FOCAL: Filtered On-device Continuous Activity Logging for Efficient Personal Desktop Summarization
A multi-agent system that summarizes your desktop activity with 60% fewer tokens.
Researchers from Hong Kong Polytechnic University and collaborators have unveiled FOCAL (Filtered On-device Continuous Activity Logging), a privacy-first multi-agent system designed to summarize desktop activity streams directly on-device. The system tackles two core challenges: the high computational cost of processing every screenshot with a Vision-Language Model (VLM), and the problem of cross-task context pollution when handling interleaved user tasks. FOCAL employs a unified filter-plan-log architecture that cascades four specialized agents: a lightweight Filter Agent for noise suppression, a text-only Brain Agent for task attribution, a Record Agent for selective visual reasoning, and a task-isolated Memory Agent for context-coherent summarization.
Tested on the DesktopBench dataset—comprising 2,572 screenshots across 420 complex sessions—FOCAL achieved impressive efficiency gains. It reduced total token consumption by 60.4% and VLM call count by 72.3% compared to a baseline, while boosting Key Information Recall (KIR) from 0.38 to 0.61. Crucially, under A→B→A task interruptions, FOCAL maintained a Task Accuracy of 0.81 and KIR of 0.80, whereas the baseline collapsed to Task Accuracy of 0.03. This work pioneers efficient, on-device summarization of instruction-free desktop streams into multi-perspective personal logs, marking a significant step for privacy-preserving productivity tools.
- FOCAL reduces VLM call count by 72.3% and token consumption by 60.4% vs baseline on DesktopBench (2,572 screenshots, 420 sessions).

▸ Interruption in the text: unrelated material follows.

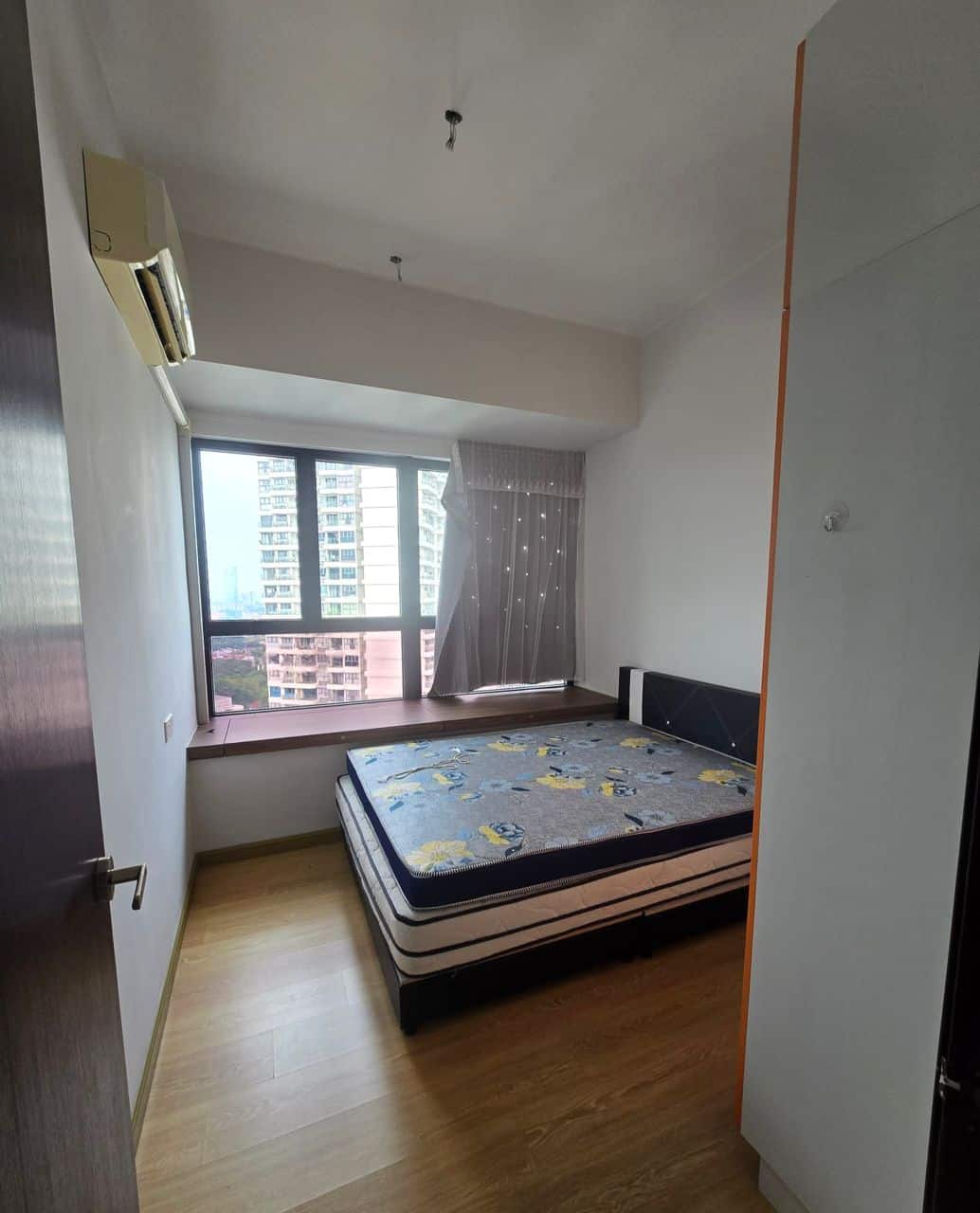Condo Royal Strand @ Country garden 3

- Key Information Recall (KIR) jumps from 0.38 to 0.61, and under task interruptions, Task Accuracy stays at 0.81 vs baseline's 0.03.
- The system uses four specialized agents (Filter, Brain, Record, Memory) in a filter-plan-log architecture for on-device, privacy-first operation.
Why It Matters
FOCAL enables efficient, on-device desktop activity logging, boosting productivity while preserving privacy and handling complex task interruptions.